The Last Dance Episodes 3 and 4 review: What happens in Vegas

LOS ANGELES, CA - JULY 14: Dennis Rodman speaks onstage during the Comedy Central Roast of Bruce Willis at Hollywood Palladium on July 14, 2018 in Los Angeles, California. (Photo by Frederick M. Brown/Getty Images)
LOS ANGELES, CA - JULY 14: Dennis Rodman speaks onstage during the Comedy Central Roast of Bruce Willis at Hollywood Palladium on July 14, 2018 in Los Angeles, California. (Photo by Frederick M. Brown/Getty Images) /

The latest set of episodes of The Last Dance hone in on an eclectic roster of personalities, including Dennis Rodman and Phil Jackson.
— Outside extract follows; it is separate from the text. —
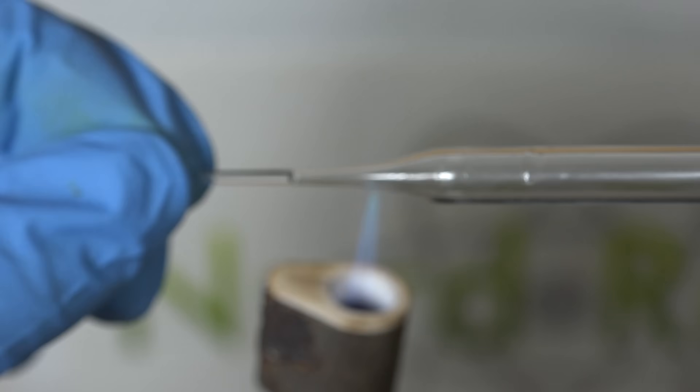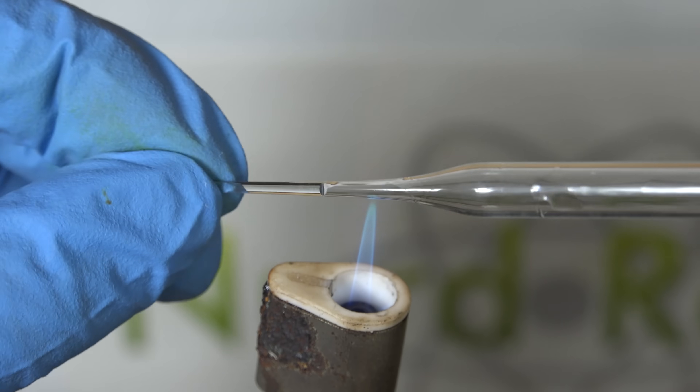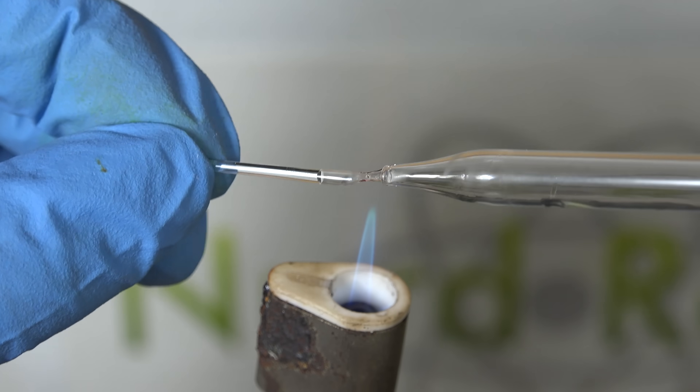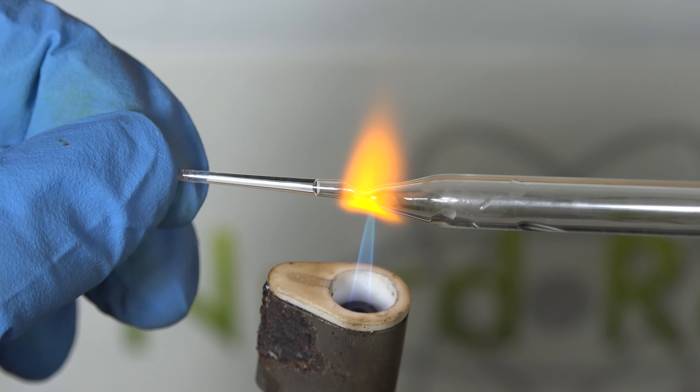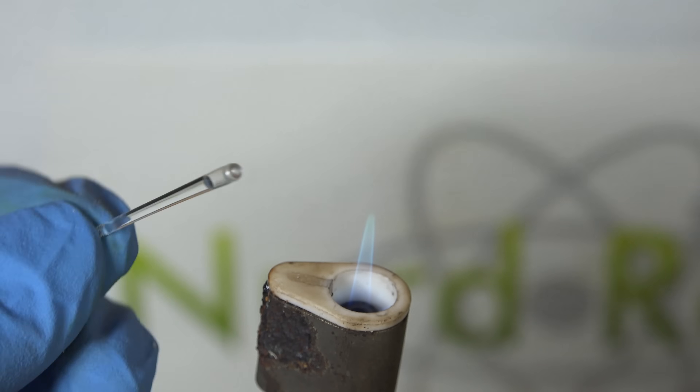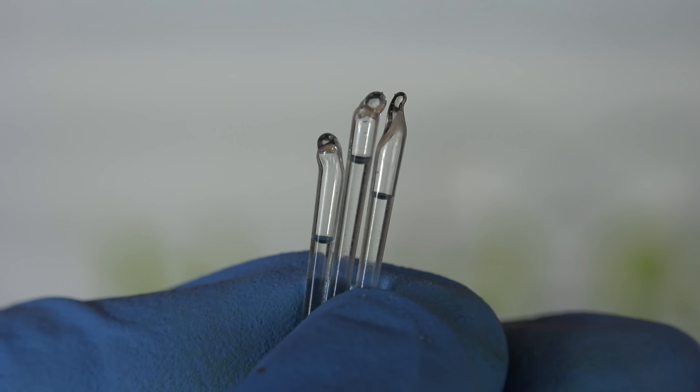To turn them into capsules we carefully flame seal the pipettes. I know I make this seem easy, and honestly it is — but wear gloves and a face shield. If you heat the capsule the wrong way near the acid it'll explode and splatter acid on you. Maybe practice a few times with empty pipettes first. And there we are — tiny sealed capsules of sulfuric acid.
In last week’s recap/review, I mentioned how a lot of the potential interest in The Last Dance hinges on its ability to be more unfiltered. We’re all keen on the idea of chronicling Michael Jordan’s legacy, or simply enjoying incredible highlight videos, but we also seek to hear the man behind it all without any barriers.

While last week’s episode served as a fine introduction to Jordan’s basketball persona and dominance, this week was about personalities.

Episodes 3 and 4 of The Last Dance focus heavily on three particular unique entities of basketball history: The Bad Boys Pistons, Dennis Rodman, and Phil Jackson. If you’re a basketball fan, odds are that hearing these distinct areas would be covered sends you into a whirlwind of excitement. Fortunately, the series does a splendid job at capturing what makes them so exciting but also delivers the exact kind of candidness that fans have wanted.

Firstly, the Bad Boys era of Detroit Pistons teams is probably what you’d get if the word “candid” was a sentient NBA team. They’re one of the most unique relics of a past era in NBA history, known mostly for their physicality on the court, and they seemingly never cared an ounce about what others thought of it.

Those familiar with ESPN’s 30for30 documentary on the team will certainly appreciate the return of these memorable faces, but the same can’t be said for Jordan and the Bulls.

Jordan and others, to put it delicately, are not fans of the Detroit Pistons. Perhaps the greatest moment of the week comes from Jordan’s completely unapologetic characterization of Isiah Thomas. It’s moments like these that will truly decide just how memorable The Last Dance will end up being; Episodes 3 and 4 were an onslaught of F-bombs, somewhat risque stories, and brutal honesty. It’s a tone that was truly befitting of the Pistons and their hard-nosed culture.

Aside from the team, there was some depth into both Dennis Rodman and Phil Jackson — which played as a fascinating, albeit brief, insight into their respective personas. Rodman’s story represented a certain flamboyance and eccentric chaos while Jackson was a more studious, zen-like figure that seemed to channel a degree of hippy culture as well.

Was that a poor set of descriptors to describe these two sports titans? Absolutely. But there truly is something interesting about the documentary telling these stories in this particular way. The dichotomy between Rodman and Jackson is profound, yes, but also appropriate.

There’s an understanding in both of these episodes that, despite his lifestyle is one that you might call “reckless”, Dennis Rodman was a genius in his own way. Everyone’s been talking about the story of his trip to Las Vegas, and for good reason; the whole thing is outright hilarious.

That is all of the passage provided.